(Beginning of TASK INPUTS)
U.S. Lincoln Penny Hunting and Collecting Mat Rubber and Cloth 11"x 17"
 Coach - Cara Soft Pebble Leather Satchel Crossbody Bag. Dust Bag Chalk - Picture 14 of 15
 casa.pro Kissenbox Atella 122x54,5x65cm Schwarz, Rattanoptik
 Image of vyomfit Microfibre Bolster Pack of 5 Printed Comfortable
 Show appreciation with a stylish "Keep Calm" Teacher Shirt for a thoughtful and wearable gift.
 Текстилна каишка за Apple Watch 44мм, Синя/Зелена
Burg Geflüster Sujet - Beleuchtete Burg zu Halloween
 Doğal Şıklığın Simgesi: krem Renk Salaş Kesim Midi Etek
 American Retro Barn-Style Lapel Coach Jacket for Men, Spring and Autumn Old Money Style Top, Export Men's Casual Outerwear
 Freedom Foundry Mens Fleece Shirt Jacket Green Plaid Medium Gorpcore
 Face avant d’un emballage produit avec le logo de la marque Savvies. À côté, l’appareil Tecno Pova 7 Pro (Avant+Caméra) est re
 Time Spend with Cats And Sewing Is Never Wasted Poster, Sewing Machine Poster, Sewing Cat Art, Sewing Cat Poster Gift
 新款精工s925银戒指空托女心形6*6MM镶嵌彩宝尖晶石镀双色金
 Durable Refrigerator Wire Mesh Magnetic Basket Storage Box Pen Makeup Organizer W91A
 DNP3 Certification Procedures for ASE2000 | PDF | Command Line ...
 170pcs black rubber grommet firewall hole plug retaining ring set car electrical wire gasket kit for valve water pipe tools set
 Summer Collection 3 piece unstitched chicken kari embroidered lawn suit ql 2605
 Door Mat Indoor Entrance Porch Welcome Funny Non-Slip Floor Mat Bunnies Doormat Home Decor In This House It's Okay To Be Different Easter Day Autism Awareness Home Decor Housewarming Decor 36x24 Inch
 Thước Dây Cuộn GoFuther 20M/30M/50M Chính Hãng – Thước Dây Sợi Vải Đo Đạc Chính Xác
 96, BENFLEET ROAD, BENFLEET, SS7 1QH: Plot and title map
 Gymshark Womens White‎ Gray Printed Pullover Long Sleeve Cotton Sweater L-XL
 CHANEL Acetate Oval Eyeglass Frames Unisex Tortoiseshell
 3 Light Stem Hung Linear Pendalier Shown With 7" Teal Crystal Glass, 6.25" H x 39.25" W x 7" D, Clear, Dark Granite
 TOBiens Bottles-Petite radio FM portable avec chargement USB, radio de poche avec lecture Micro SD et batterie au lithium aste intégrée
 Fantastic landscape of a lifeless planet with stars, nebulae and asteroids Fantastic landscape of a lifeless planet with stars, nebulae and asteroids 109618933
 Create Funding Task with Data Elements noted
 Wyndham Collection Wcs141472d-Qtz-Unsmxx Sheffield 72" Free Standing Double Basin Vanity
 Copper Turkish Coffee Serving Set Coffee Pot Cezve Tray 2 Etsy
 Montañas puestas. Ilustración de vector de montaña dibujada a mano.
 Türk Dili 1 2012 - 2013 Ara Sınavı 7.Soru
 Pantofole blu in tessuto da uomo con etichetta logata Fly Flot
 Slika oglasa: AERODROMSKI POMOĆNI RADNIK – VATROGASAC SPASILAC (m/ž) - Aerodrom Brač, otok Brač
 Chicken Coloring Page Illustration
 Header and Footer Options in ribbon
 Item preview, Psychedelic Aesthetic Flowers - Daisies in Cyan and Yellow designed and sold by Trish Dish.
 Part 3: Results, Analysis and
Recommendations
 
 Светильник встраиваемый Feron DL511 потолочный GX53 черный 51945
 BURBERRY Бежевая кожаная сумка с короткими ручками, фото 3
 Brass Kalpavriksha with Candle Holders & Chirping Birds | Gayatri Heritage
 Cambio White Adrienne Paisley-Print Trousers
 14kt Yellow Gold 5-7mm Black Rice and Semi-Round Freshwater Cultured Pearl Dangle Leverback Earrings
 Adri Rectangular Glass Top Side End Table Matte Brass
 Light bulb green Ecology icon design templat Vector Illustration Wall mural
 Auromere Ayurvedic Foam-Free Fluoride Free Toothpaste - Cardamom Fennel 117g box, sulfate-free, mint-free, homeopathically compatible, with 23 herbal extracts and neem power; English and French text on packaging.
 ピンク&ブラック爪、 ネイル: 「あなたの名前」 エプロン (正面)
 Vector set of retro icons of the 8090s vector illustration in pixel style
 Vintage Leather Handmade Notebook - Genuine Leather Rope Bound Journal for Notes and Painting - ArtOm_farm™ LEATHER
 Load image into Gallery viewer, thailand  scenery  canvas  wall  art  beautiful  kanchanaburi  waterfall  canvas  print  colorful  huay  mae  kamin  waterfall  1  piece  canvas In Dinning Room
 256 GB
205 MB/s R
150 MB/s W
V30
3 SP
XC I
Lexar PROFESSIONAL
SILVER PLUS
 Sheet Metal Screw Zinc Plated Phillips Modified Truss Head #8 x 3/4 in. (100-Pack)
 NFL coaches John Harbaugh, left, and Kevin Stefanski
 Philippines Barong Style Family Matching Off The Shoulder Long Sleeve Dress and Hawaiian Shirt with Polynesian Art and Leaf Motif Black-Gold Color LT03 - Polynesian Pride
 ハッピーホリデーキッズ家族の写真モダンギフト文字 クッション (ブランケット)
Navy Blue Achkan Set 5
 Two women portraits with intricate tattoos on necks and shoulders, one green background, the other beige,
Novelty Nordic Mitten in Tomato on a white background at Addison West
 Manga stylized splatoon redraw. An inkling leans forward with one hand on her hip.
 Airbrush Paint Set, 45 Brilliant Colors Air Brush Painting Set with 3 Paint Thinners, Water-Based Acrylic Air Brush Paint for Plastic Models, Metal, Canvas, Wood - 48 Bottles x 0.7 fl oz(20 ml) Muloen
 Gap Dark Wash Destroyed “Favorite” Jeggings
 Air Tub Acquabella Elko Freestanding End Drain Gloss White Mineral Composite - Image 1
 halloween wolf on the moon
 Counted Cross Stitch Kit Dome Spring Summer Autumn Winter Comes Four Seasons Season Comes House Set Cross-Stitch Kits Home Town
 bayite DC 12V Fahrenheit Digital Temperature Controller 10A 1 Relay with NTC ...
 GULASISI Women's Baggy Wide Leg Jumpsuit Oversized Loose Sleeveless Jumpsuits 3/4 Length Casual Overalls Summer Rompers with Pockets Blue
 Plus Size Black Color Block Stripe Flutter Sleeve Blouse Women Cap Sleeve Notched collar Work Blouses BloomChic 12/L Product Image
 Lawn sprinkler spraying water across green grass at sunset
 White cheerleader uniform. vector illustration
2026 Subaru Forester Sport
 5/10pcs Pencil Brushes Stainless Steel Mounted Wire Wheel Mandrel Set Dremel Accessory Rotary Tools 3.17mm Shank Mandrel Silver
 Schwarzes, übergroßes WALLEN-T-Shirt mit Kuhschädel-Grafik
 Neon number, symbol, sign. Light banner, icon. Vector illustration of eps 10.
(End of TASK INPUTS)
- TASK PROMPT: If a line of the records includes the string "piece", copy it out.

- RESULT BELOW:
 Summer Collection 3 piece unstitched chicken kari embroidered lawn suit ql 2605
 Load image into Gallery viewer, thailand  scenery  canvas  wall  art  beautiful  kanchanaburi  waterfall  canvas  print  colorful  huay  mae  kamin  waterfall  1  piece  canvas In Dinning Room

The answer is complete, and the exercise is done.